Start of Dataset excerpts
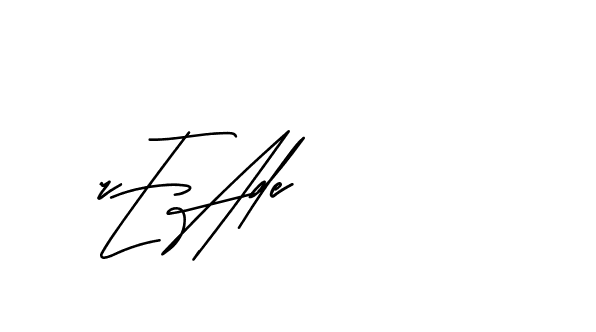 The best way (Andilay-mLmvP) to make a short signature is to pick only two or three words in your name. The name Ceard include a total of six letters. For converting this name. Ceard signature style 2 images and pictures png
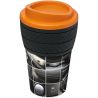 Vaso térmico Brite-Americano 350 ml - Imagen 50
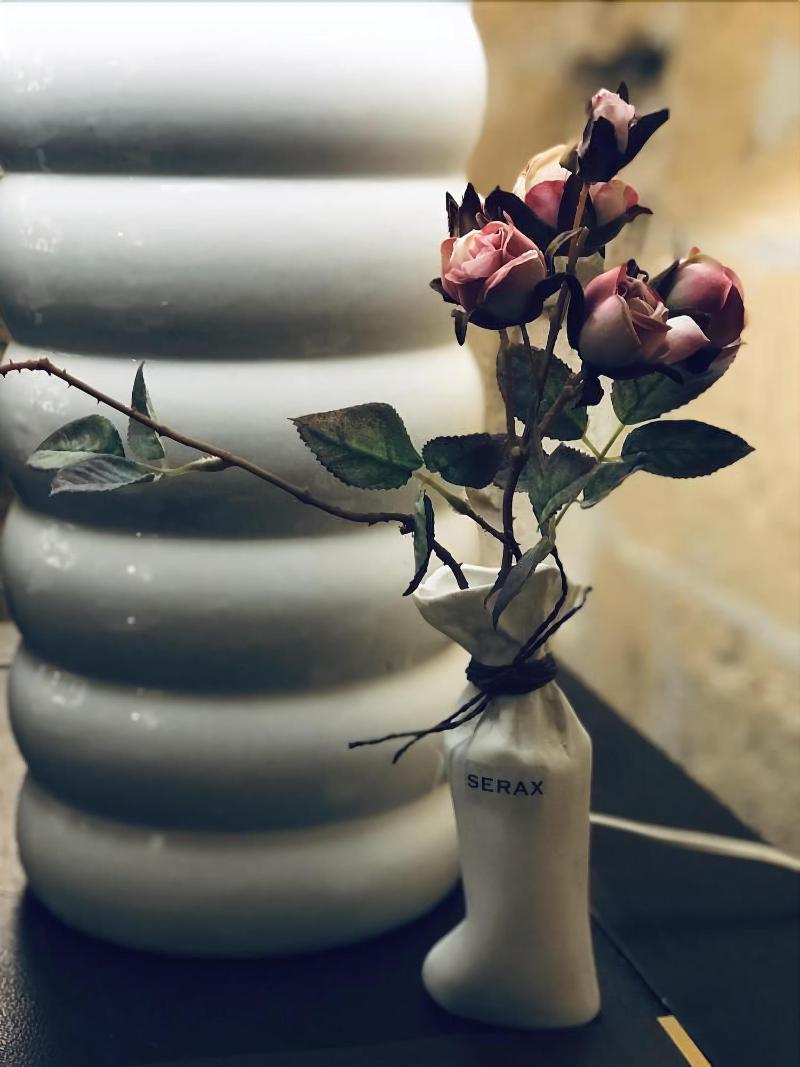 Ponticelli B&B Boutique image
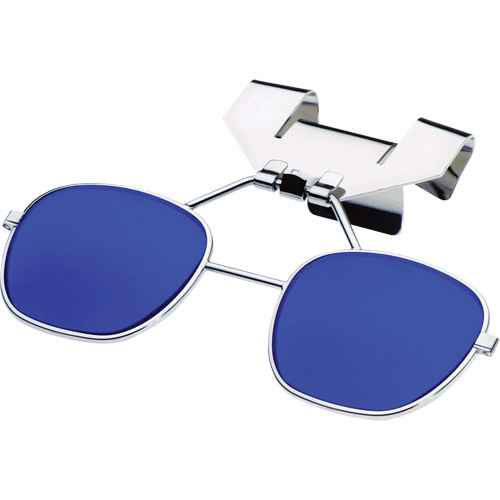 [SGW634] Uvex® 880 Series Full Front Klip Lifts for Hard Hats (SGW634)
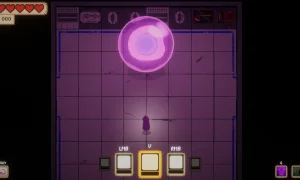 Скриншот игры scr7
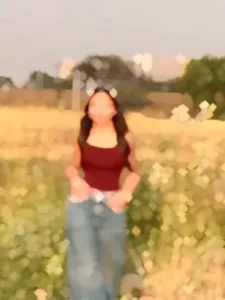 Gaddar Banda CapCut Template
End of Dataset excerpts
> How to complete this task:
The records above must all be output exactly. Omit the images.

> Solution:
 The best way (Andilay-mLmvP) to make a short signature is to pick only two or three words in your name. The name Ceard include a total of six letters. For converting this name. Ceard signature style 2 images and pictures png
 Vaso térmico Brite-Americano 350 ml - Imagen 50
 Ponticelli B&B Boutique image
 [SGW634] Uvex® 880 Series Full Front Klip Lifts for Hard Hats (SGW634)
 Скриншот игры scr7
 Gaddar Banda CapCut Template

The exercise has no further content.